The intruder was identified by police as Craig King. He is being charged with assault and battery of a police officer, breaking and entering with intent to commit a felony, larceny over $250, resisting arrest, and trespassing.

The room’s resident, Amy B. Diaz ’08, was sleeping when King entered. She said that she had propped open the door for her roommate, who was studying in the basement and did not have her key.

“That’s how he got into the room, and that’s why I didn’t hear him when he came into the room—because it wasn’t a forced entry,” she said. “When the officers first came into the room I thought it was people coming into the wrong room.”

Diaz said that the police officers told her that King had been in the process of stealing her laptop, purse, and iPod. Her laptop survived the ordeal.

“I was pretty shaken up last night,” said Diaz. She added that she was “shocked that someone would enter [Kirkland] and go up to the third floor.”

Kirkland House Master Verena Conley was one of the people who alerted the police about the intruder, according to her husband and co-Master Tom Conley.

She “heard strange noises in the courtyard...and immediately called the police,” he wrote in an e-mail. “In the time between the telephone call and the arrival of the police some students returning home had let the marauder enter with or behind him: for when students arrived within minutes of Verena’s call the criminal had already entered the students’ apartment,” he said.

Kirkland House Allston-Burr Resident Dean John P. Walsh said that while he was pleased with how the crime was handled, he was troubled by the lack of precaution taken by students.

“We feel very fortunate and lucky that no one was hurt and we had a very rapid response from HUPD,” he said. “We haven’t, in my tenure, had something like this happen; we’ve always been concerned that [it would]. Students across campus leave their doors unlocked and...tend to forget that they are in an urban environment here.”

Walsh and the Conleys sent out an e-mail advisory to the Kirkland e-mail list yesterday afternoon.

In their e-mail, they said that “although we are relieved that no one was hurt, we are alarmed by the ease with which this man gained access to our house and private suites.

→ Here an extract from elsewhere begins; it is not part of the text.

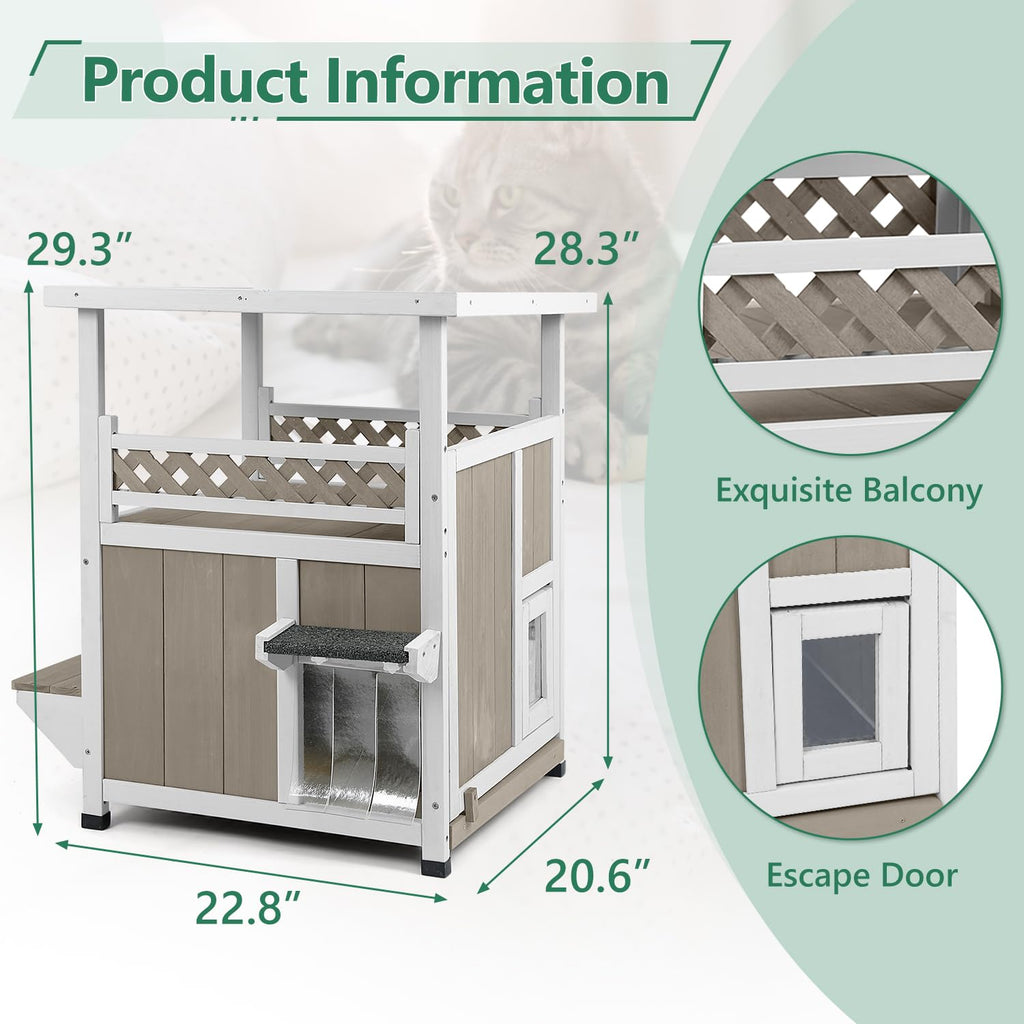 Outdoor Cat House Weatherproof 14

We write you to pay more attention to the issue of our safety.”

Catalano, the HUPD spokesman, said that HUPD did not send out a community advisory because there was not a “continuing public safety threat” after King was arrested.

Catalano also said that break-ins by non-Harvard affiliates are “relatively rare.”

Walsh said that as a result of the incident, resident tutors will perform spot checks “to make sure there are no propped doors.”

One Kirkland resident, Merrily E. McGugan ’09, said that she was surprised at the break-in.

“I think of [Kirkland] as such a tight knit community,” she said.

But McGugan added that she still felt safe around Kirkland.

“I do feel like it was probably an isolated incident,” she said. “I will probably just make sure that my room is locked at all times, or that my roommates and I don’t prop open the doors.”

Diaz said that she was “thankful that someone called when they realized that a non-Harvard person was in Kirkland.” “The police were there really quickly and made me feel a lot better about the situation,” she added.